DATASET =>
▬▬▬

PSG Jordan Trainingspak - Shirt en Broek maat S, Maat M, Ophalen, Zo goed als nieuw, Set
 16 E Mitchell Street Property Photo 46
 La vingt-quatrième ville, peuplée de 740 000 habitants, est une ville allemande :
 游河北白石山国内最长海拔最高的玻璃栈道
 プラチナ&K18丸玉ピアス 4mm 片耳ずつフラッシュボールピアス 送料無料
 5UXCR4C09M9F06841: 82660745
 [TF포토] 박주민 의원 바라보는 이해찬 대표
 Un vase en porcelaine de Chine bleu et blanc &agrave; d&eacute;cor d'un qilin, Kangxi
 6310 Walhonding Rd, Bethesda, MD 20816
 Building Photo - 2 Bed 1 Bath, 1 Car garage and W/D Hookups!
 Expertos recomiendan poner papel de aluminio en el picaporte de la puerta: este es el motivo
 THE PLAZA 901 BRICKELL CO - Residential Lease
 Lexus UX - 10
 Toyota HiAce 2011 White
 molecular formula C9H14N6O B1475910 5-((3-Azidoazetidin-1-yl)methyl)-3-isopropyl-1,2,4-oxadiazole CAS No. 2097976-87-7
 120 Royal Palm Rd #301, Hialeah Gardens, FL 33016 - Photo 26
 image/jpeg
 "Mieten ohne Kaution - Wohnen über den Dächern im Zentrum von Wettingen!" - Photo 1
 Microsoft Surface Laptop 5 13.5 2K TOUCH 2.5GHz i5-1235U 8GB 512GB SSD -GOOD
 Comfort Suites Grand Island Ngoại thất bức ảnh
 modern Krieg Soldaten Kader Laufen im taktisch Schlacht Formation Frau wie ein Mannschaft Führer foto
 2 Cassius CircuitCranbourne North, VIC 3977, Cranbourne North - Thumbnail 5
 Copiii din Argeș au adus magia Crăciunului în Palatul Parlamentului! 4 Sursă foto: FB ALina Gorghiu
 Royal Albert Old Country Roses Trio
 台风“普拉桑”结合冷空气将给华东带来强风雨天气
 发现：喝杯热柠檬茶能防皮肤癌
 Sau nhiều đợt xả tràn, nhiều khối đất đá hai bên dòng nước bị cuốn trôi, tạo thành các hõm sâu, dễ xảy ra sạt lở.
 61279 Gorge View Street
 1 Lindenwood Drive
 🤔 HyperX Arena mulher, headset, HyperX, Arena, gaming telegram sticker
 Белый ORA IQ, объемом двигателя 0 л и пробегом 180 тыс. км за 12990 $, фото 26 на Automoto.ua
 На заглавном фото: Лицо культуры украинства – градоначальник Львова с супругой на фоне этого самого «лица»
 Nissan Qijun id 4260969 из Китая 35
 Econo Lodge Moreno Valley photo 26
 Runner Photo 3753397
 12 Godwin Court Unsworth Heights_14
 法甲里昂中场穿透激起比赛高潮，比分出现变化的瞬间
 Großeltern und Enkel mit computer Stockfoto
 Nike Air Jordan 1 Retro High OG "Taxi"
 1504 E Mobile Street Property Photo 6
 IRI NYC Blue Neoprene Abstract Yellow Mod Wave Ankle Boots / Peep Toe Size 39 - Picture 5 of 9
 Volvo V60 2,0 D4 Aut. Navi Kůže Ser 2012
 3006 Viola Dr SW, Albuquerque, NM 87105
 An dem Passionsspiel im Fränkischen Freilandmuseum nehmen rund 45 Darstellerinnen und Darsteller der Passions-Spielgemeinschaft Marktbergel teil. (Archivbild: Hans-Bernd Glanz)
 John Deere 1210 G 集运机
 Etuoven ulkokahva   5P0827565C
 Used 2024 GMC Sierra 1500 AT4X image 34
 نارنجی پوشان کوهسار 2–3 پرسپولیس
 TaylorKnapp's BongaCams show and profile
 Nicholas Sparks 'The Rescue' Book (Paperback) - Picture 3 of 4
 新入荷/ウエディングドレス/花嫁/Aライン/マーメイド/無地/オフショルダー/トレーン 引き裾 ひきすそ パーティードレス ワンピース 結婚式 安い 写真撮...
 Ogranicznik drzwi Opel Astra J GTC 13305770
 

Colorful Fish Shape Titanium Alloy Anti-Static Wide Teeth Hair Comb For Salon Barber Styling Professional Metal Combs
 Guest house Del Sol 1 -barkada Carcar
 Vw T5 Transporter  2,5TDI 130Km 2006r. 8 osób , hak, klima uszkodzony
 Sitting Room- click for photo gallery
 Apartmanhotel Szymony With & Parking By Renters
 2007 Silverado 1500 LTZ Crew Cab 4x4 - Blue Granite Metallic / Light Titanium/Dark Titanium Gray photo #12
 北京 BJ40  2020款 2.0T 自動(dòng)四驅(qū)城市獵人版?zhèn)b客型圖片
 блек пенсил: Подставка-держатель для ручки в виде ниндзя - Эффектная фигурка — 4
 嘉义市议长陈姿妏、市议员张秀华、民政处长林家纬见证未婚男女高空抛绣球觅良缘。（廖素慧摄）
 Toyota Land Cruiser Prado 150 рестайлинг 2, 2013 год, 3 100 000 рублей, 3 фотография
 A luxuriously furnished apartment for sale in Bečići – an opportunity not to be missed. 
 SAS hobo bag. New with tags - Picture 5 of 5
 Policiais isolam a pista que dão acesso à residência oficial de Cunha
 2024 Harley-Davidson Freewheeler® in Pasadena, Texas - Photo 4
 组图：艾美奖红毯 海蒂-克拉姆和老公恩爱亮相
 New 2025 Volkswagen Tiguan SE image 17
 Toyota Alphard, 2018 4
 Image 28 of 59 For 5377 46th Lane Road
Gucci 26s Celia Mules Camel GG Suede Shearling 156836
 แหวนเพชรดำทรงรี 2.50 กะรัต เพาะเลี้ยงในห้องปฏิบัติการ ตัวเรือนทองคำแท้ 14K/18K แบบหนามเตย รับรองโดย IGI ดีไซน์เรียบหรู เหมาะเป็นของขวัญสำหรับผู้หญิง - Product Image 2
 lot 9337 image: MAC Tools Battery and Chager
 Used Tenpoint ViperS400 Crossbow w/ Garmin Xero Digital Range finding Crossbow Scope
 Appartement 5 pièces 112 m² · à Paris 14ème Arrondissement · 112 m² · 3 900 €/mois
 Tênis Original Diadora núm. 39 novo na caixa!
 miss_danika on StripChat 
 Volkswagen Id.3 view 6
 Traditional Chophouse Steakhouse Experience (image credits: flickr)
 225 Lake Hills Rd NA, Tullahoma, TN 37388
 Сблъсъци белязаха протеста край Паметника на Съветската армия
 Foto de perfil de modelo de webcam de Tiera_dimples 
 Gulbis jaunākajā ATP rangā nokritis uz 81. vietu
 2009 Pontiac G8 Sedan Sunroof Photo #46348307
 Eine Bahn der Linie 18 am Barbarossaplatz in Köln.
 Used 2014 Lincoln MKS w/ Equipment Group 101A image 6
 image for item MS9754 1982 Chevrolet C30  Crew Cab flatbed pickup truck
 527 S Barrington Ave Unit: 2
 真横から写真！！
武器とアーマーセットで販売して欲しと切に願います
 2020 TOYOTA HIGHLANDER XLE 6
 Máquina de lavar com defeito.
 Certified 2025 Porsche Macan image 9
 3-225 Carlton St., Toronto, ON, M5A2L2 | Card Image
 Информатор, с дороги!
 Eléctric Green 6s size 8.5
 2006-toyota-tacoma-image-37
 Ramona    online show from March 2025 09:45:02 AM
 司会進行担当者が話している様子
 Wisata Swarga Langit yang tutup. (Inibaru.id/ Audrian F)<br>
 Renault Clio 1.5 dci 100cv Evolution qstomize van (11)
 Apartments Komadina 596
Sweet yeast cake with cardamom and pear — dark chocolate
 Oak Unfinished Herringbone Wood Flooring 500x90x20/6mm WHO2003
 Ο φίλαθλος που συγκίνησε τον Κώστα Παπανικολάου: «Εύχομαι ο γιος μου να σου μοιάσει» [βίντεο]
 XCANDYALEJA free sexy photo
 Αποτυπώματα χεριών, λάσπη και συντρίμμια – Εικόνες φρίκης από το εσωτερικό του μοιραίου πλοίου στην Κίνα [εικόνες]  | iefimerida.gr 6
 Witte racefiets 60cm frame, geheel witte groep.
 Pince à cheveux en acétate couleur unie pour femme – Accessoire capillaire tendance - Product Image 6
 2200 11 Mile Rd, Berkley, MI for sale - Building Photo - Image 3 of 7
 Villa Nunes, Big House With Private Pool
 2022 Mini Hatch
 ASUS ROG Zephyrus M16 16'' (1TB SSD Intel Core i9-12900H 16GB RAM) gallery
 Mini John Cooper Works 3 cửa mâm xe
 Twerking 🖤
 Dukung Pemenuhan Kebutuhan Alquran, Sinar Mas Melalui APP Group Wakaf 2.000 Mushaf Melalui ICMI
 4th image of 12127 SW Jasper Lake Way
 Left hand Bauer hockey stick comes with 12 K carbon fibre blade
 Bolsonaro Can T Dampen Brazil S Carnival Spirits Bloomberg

▬▬▬

EXERCISE GOAL => Repeat word for word the lines above that run from the line containing "Copiii din Argeș" through the line containing "Белый ORA IQ, объемом", both ends included, and nothing else.

YOUR RESPONSE =>
 Copiii din Argeș au adus magia Crăciunului în Palatul Parlamentului! 4 Sursă foto: FB ALina Gorghiu
 Royal Albert Old Country Roses Trio
 台风“普拉桑”结合冷空气将给华东带来强风雨天气
 发现：喝杯热柠檬茶能防皮肤癌
 Sau nhiều đợt xả tràn, nhiều khối đất đá hai bên dòng nước bị cuốn trôi, tạo thành các hõm sâu, dễ xảy ra sạt lở.
 61279 Gorge View Street
 1 Lindenwood Drive
 🤔 HyperX Arena mulher, headset, HyperX, Arena, gaming telegram sticker
 Белый ORA IQ, объемом двигателя 0 л и пробегом 180 тыс. км за 12990 $, фото 26 на Automoto.ua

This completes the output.